- Task brief -
Give again, word for word, the lines below that run from the line with "TIRE GAUGE SDG-17" through the line with "SONORA PONCEÑA - EL". Drop the pictures.

Start of Material for this exercise

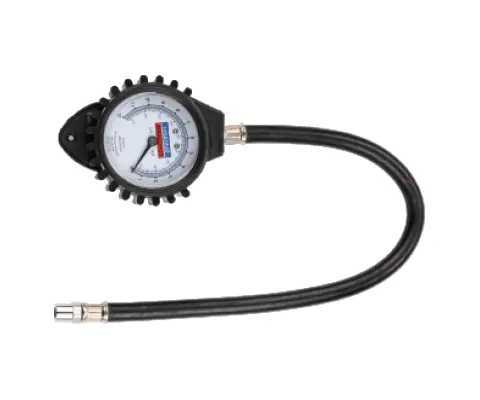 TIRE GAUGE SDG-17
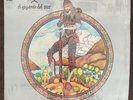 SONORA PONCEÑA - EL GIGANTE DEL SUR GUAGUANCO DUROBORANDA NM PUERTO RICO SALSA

End of Material for this exercise
Start of Material for this exercise

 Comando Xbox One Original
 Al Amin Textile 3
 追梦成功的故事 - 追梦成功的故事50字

End of Material for this exercise

- Task result -
 TIRE GAUGE SDG-17
 SONORA PONCEÑA - EL GIGANTE DEL SUR GUAGUANCO DUROBORANDA NM PUERTO RICO SALSA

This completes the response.